### Task to carry out
The answer must be an exact printing of every record below, with the pictures omitted.

### Stored data
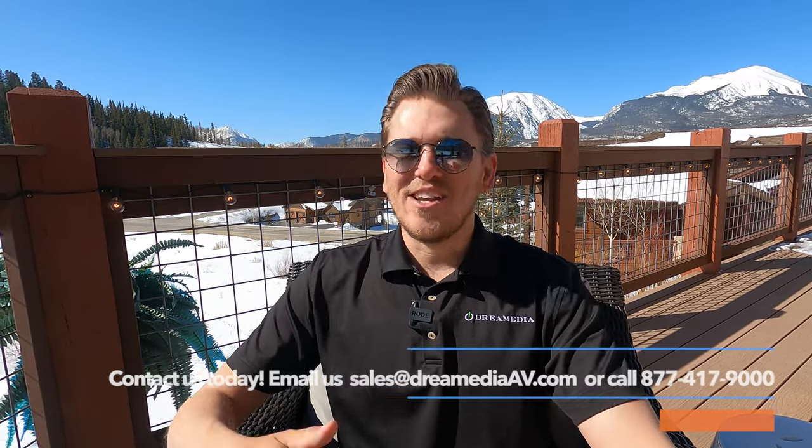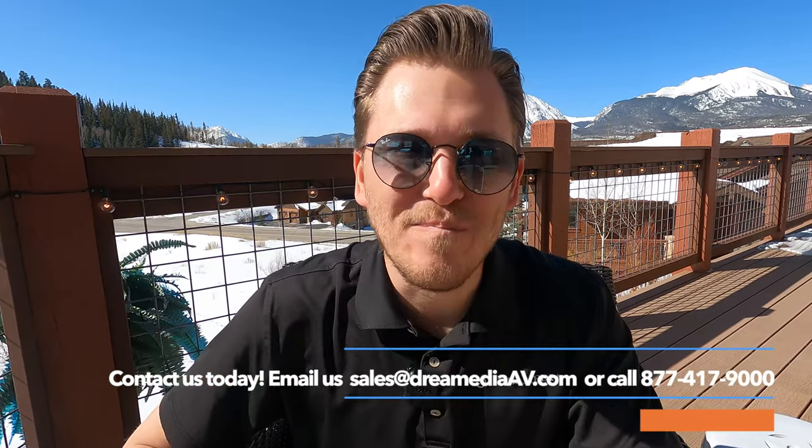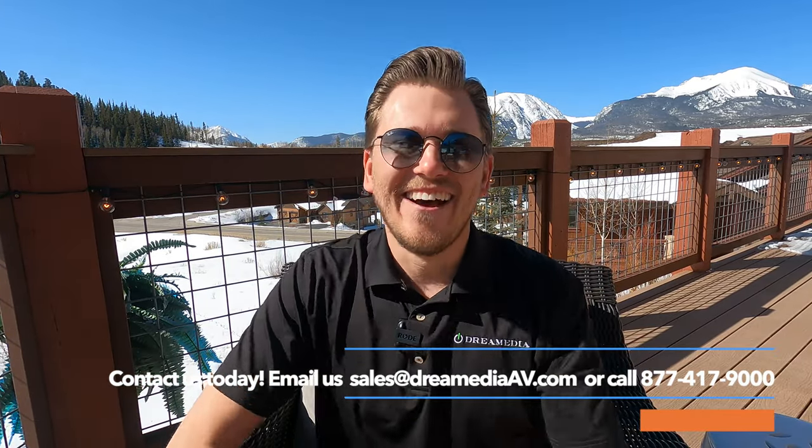If you like this video, make sure to give me a big thumbs up and smash that subscribe button down below for more Dream Media installs — it's just getting started. That's all I got for you. This is Zach with Dream Media Home Theater. Thank you for watching.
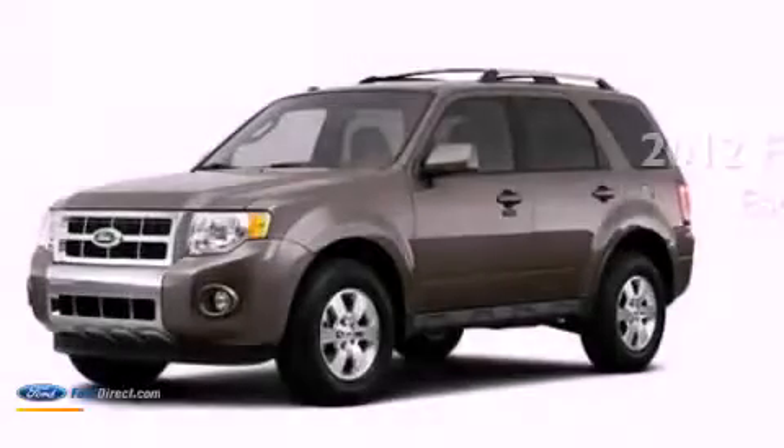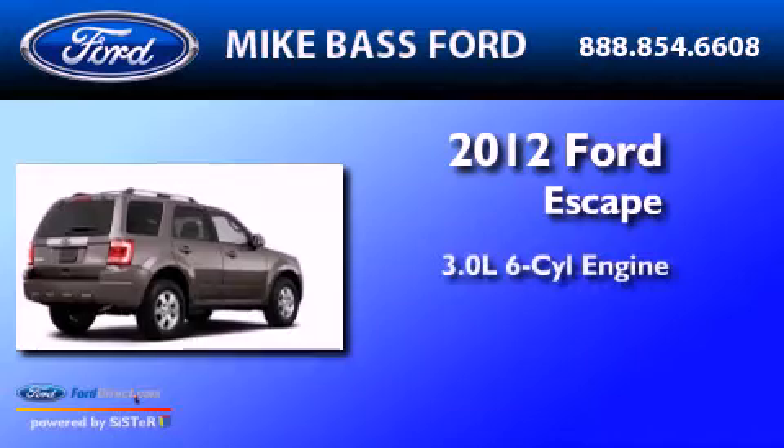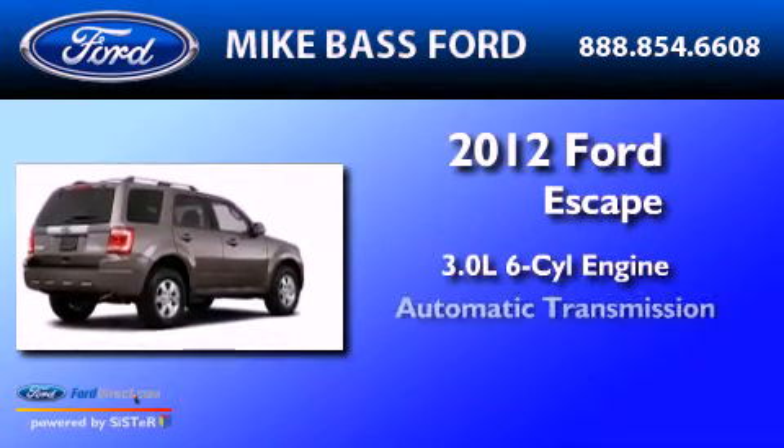This is a brand-new 2012 Ford Escape. It has a 3.0-liter six-cylinder engine and an automatic transmission.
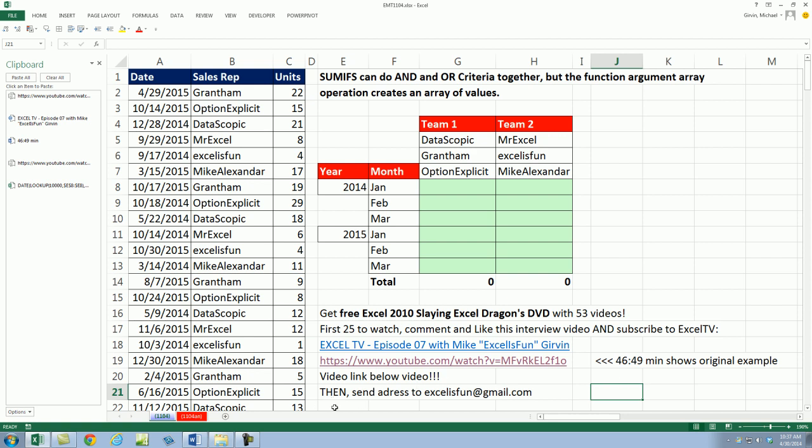Then — notice the big 'then' — send your address to xlsfun at gmail.com. And I'll go and check and see if you did all this. The first 25 people, I'll just mail you one of these DVDs.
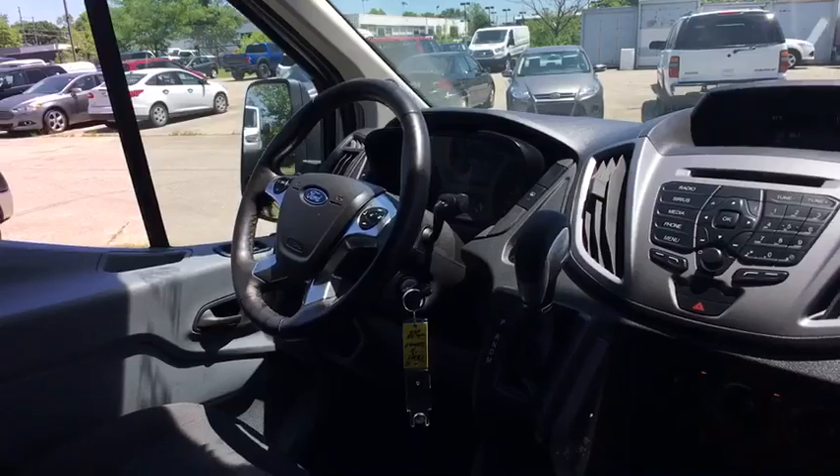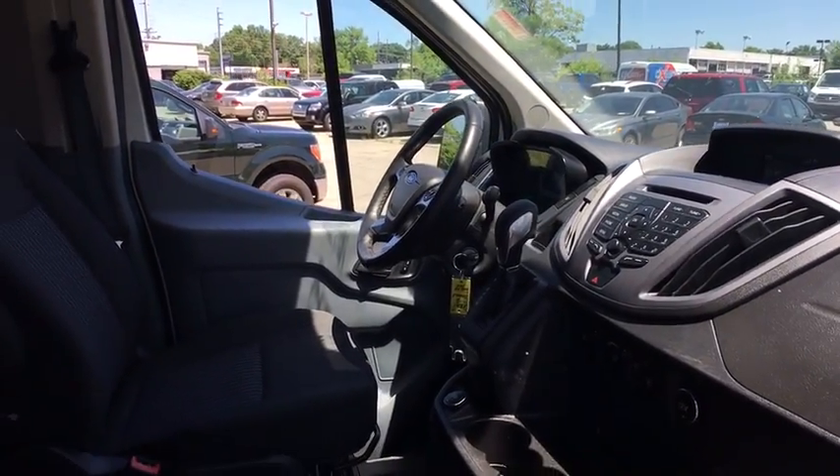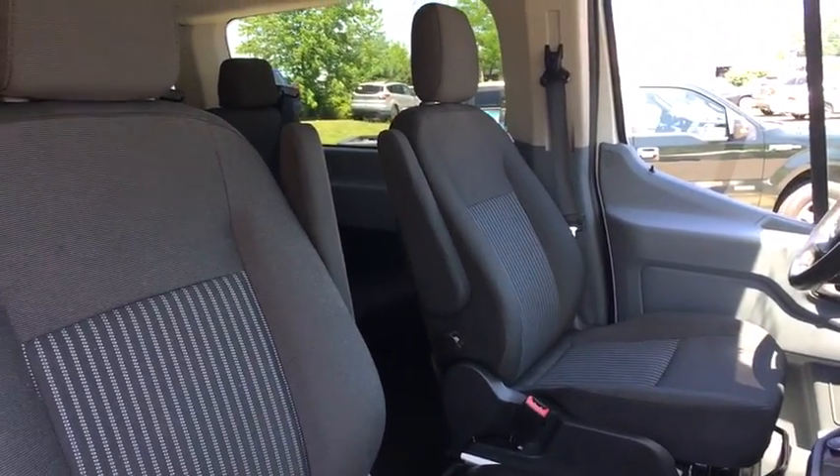Tachometer, panic alarm, tilt steering wheel, front reading lamps, driver vanity mirror, front bucket seats, passenger vanity mirror. This beauty is sure to make you the talk of the neighborhood, so call or drop in for a test drive today.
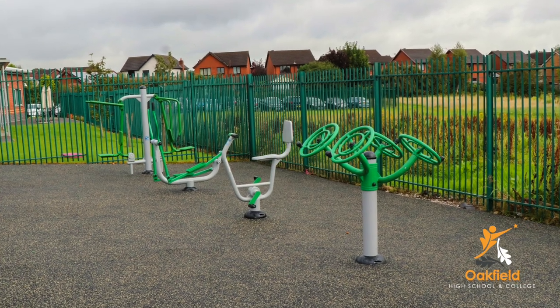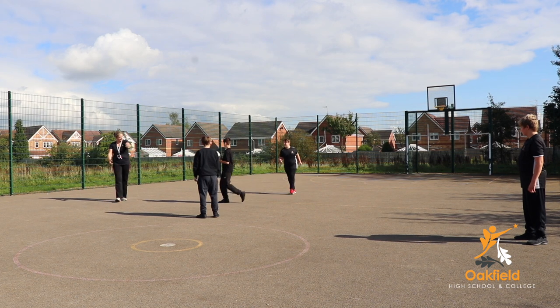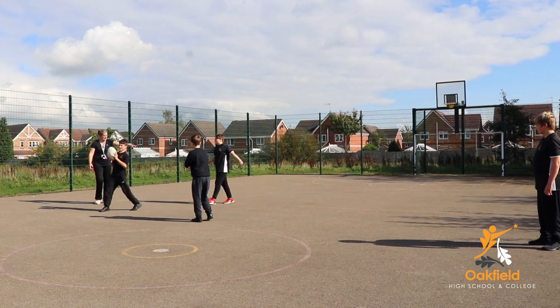At Oakfield we have lots of sporting facilities for you to take advantage of. We have the sports hall in here, the climbing wall, and we also have a trampoline for some of the gymnastics modules. We have an outdoor gym which you can take advantage of during your fitness modules, as well as the MUGA — the multi-use games area — for sports such as football, netball and hockey.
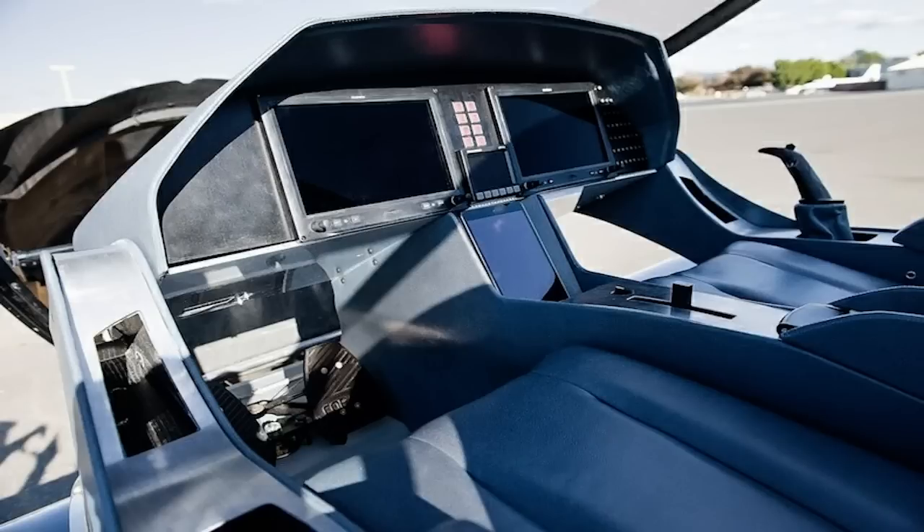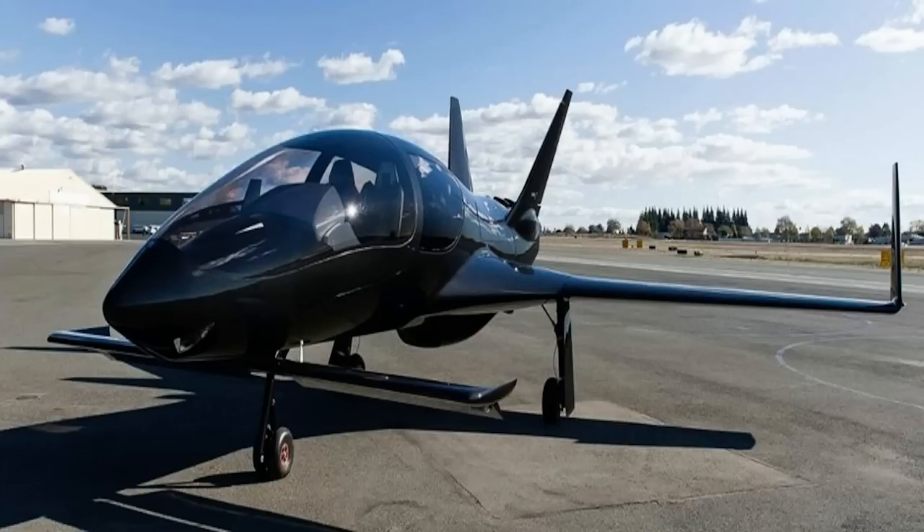A new light aircraft has been designed and it looks more like a vehicle that Batman would drive. The Cobalt Valkyrie has a canard front wing, sleek aerodynamic shape and a turbocharged 350 horsepower engine. It's claimed to be capable of traveling at speeds of up to 300 miles per hour and has capacity for up to five adults and their luggage.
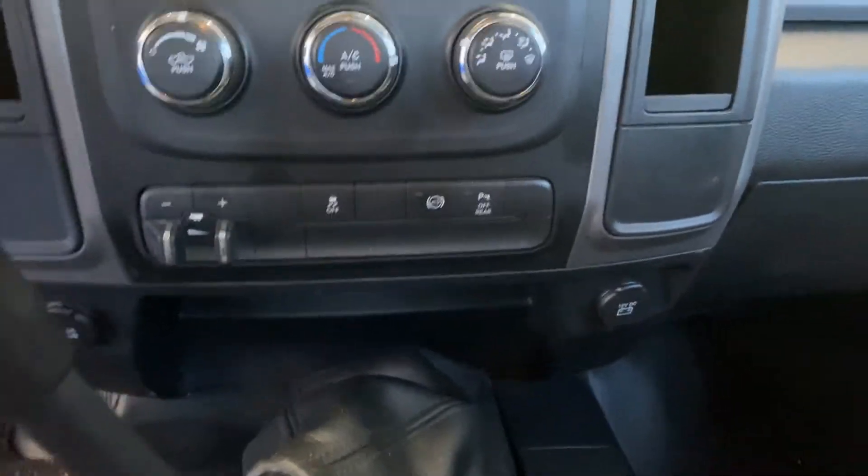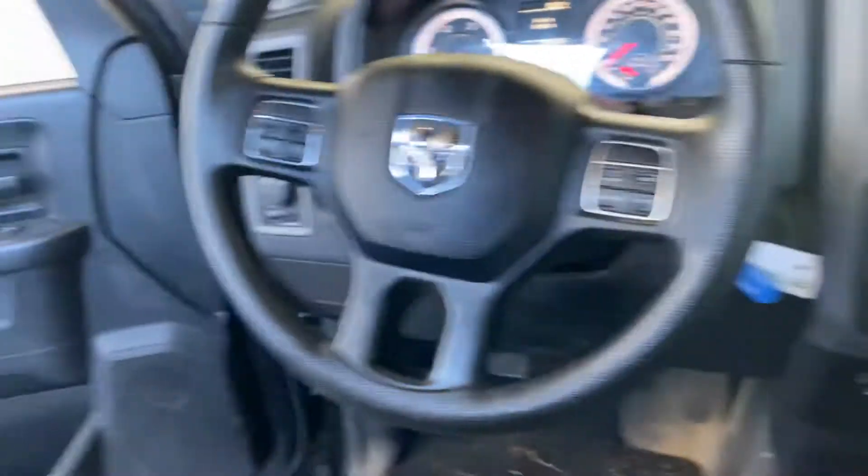Trailer brake, exhaust brake — you know it's been deleted. It has a muffler on it. Power windows, power locks.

### Expected output
If you like this video, make sure to give me a big thumbs up and smash that subscribe button down below for more Dream Media installs — it's just getting started. That's all I got for you. This is Zach with Dream Media Home Theater. Thank you for watching.
This is a brand-new 2012 Ford Escape. It has a 3.0-liter six-cylinder engine and an automatic transmission.
Then — notice the big 'then' — send your address to xlsfun at gmail.com. And I'll go and check and see if you did all this. The first 25 people, I'll just mail you one of these DVDs.
Tachometer, panic alarm, tilt steering wheel, front reading lamps, driver vanity mirror, front bucket seats, passenger vanity mirror. This beauty is sure to make you the talk of the neighborhood, so call or drop in for a test drive today.
At Oakfield we have lots of sporting facilities for you to take advantage of. We have the sports hall in here, the climbing wall, and we also have a trampoline for some of the gymnastics modules. We have an outdoor gym which you can take advantage of during your fitness modules, as well as the MUGA — the multi-use games area — for sports such as football, netball and hockey.
A new light aircraft has been designed and it looks more like a vehicle that Batman would drive. The Cobalt Valkyrie has a canard front wing, sleek aerodynamic shape and a turbocharged 350 horsepower engine. It's claimed to be capable of traveling at speeds of up to 300 miles per hour and has capacity for up to five adults and their luggage.
Trailer brake, exhaust brake — you know it's been deleted. It has a muffler on it. Power windows, power locks.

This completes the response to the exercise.